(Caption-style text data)
=== Begin Enclosure ===

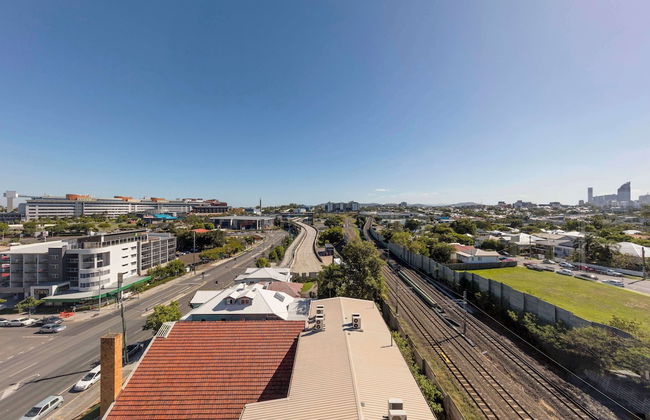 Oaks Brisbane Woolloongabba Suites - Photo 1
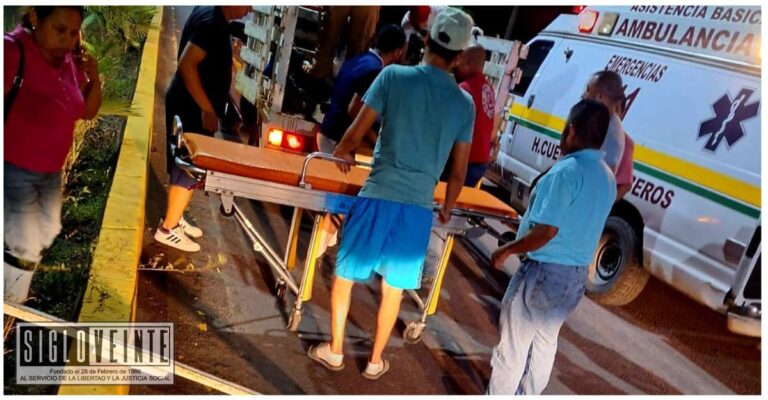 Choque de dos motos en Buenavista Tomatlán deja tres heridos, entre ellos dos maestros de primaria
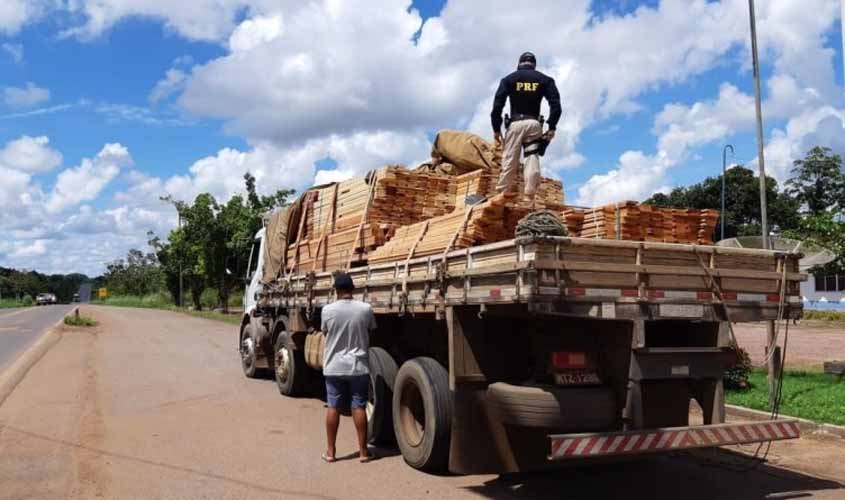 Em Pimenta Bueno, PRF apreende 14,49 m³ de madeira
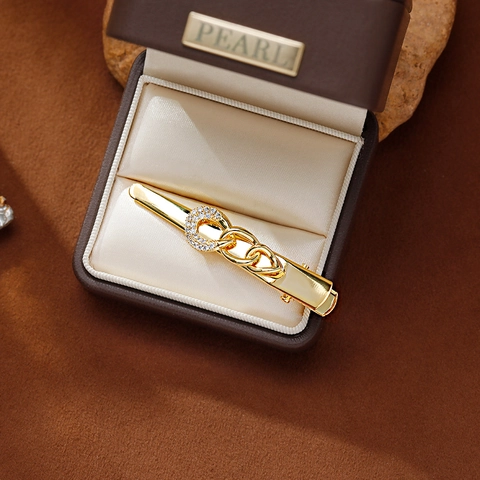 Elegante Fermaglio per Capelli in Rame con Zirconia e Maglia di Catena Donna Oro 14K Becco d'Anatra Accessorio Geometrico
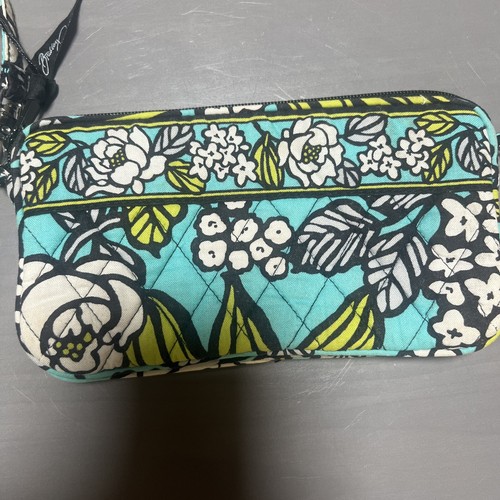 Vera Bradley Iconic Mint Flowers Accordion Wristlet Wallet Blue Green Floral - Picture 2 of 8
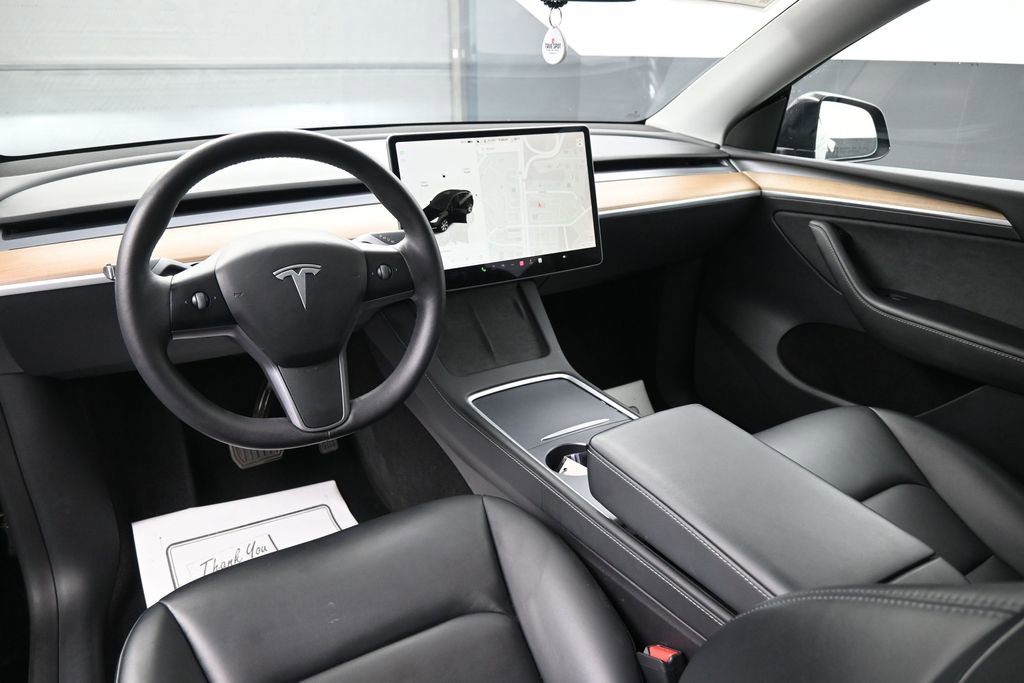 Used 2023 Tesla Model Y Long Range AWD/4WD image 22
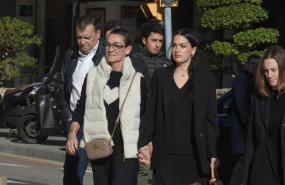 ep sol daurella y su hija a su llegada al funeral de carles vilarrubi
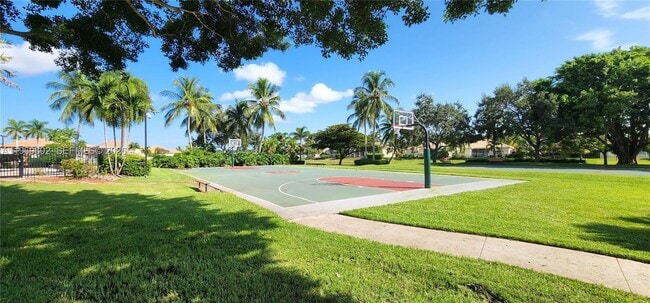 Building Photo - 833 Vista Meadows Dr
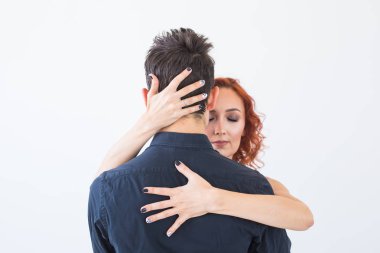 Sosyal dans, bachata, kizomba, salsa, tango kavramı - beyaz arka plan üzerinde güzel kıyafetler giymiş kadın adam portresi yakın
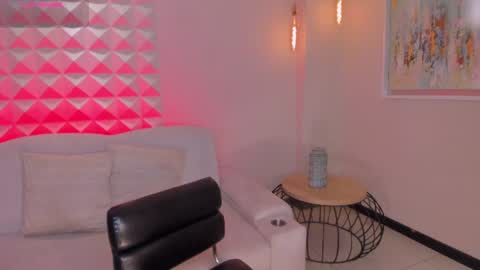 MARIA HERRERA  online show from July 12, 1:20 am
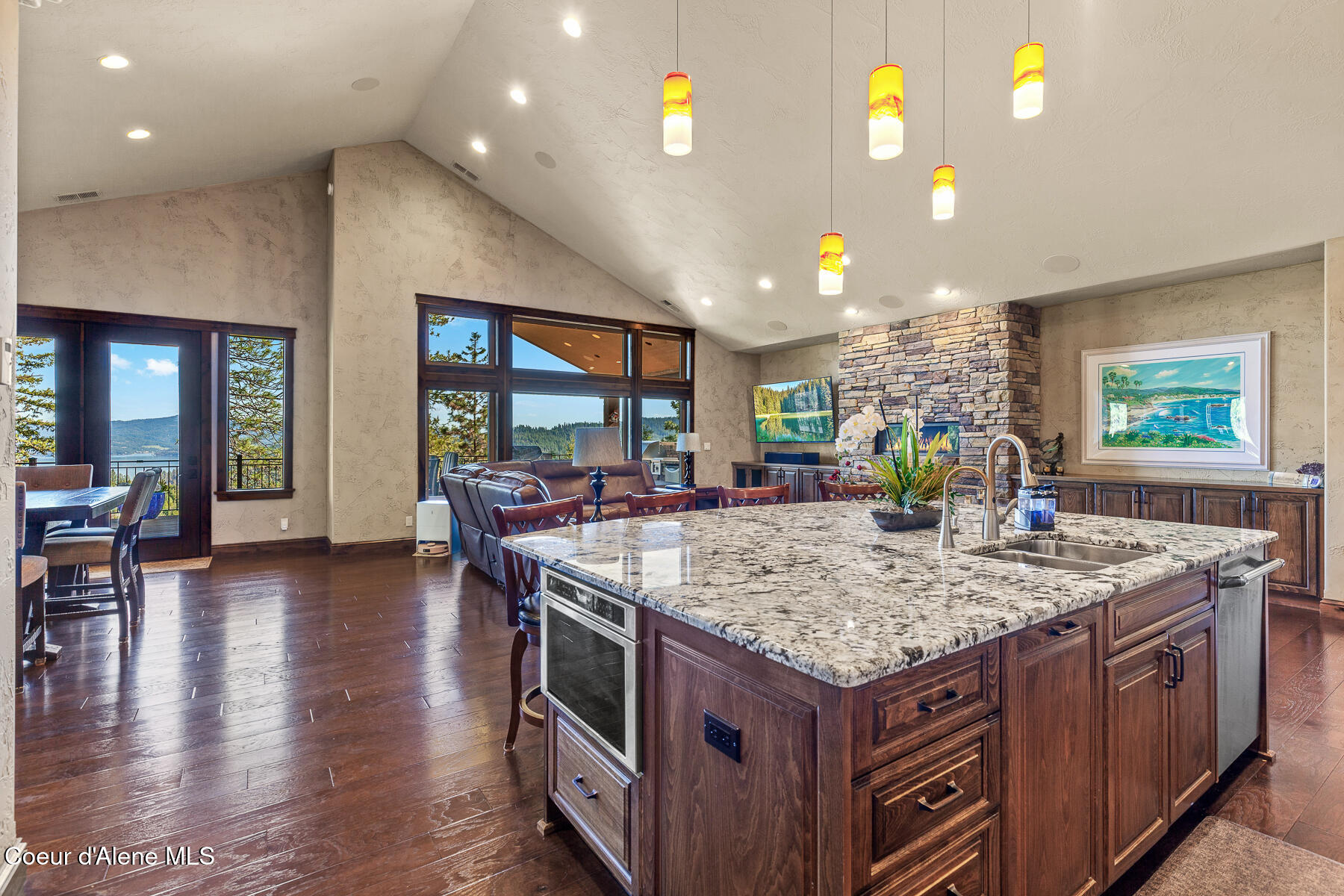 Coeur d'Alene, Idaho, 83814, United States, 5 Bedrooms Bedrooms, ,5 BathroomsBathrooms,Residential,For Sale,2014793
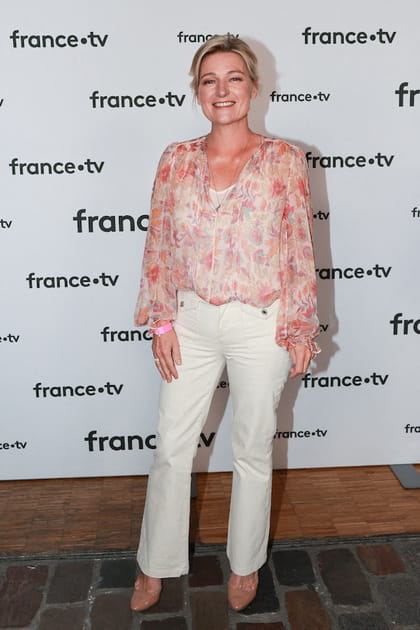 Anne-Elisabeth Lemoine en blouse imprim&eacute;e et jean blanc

=== End Enclosure ===

Your task: Generate a word-for-word copy of the preceding records, excluding all pictures.

Response to this task:
 Oaks Brisbane Woolloongabba Suites - Photo 1
 Choque de dos motos en Buenavista Tomatlán deja tres heridos, entre ellos dos maestros de primaria
 Em Pimenta Bueno, PRF apreende 14,49 m³ de madeira
 Elegante Fermaglio per Capelli in Rame con Zirconia e Maglia di Catena Donna Oro 14K Becco d'Anatra Accessorio Geometrico
 Vera Bradley Iconic Mint Flowers Accordion Wristlet Wallet Blue Green Floral - Picture 2 of 8
 Used 2023 Tesla Model Y Long Range AWD/4WD image 22
 ep sol daurella y su hija a su llegada al funeral de carles vilarrubi
 Building Photo - 833 Vista Meadows Dr
 Sosyal dans, bachata, kizomba, salsa, tango kavramı - beyaz arka plan üzerinde güzel kıyafetler giymiş kadın adam portresi yakın
 MARIA HERRERA  online show from July 12, 1:20 am
 Coeur d'Alene, Idaho, 83814, United States, 5 Bedrooms Bedrooms, ,5 BathroomsBathrooms,Residential,For Sale,2014793
 Anne-Elisabeth Lemoine en blouse imprim&eacute;e et jean blanc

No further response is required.